Exercise details: Read through the data, and wherever a line holds the word "Icon", write that line out.
***** Extracted information *****
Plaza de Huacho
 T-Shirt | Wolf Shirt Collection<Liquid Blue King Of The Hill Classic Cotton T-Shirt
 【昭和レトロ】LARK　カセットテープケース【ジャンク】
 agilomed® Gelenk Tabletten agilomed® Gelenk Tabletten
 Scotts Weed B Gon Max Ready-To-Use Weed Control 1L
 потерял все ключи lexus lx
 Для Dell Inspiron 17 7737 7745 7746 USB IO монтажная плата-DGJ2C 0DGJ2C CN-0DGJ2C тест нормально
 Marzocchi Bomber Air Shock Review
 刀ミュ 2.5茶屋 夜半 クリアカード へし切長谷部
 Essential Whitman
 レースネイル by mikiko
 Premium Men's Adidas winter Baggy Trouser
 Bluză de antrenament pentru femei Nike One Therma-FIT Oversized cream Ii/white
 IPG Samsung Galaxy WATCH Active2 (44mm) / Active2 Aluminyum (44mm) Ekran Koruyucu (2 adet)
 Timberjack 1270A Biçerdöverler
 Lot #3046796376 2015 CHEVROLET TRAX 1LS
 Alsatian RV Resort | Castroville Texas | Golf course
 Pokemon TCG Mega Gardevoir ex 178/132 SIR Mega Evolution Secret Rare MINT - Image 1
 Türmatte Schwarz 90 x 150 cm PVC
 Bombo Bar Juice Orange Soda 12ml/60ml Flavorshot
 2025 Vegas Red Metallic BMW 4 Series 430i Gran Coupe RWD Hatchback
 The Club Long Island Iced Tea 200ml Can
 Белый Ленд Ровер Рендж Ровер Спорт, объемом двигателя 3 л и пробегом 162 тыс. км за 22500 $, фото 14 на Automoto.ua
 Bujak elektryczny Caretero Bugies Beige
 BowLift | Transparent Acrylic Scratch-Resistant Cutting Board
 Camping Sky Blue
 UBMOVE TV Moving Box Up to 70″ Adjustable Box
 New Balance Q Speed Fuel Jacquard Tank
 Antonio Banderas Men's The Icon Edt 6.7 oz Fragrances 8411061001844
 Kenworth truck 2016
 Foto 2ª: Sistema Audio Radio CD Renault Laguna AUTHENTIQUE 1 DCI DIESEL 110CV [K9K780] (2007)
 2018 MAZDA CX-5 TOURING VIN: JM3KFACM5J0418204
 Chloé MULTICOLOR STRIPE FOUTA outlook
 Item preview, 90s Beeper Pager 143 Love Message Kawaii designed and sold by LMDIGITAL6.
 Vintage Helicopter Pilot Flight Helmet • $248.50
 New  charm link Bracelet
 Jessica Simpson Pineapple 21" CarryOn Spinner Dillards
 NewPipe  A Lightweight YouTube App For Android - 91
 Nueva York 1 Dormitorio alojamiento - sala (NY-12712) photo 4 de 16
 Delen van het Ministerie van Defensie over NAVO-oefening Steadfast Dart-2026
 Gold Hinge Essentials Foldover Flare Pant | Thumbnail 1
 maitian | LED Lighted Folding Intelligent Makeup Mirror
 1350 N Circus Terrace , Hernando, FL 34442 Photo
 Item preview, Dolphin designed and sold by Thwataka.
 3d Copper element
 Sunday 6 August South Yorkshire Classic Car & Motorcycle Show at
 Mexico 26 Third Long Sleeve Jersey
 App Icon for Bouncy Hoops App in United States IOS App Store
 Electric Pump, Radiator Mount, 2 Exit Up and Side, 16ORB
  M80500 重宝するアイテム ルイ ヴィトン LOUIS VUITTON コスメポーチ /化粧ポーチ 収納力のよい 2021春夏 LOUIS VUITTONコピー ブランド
*****
Exercise output:
 Antonio Banderas Men's The Icon Edt 6.7 oz Fragrances 8411061001844
 App Icon for Bouncy Hoops App in United States IOS App Store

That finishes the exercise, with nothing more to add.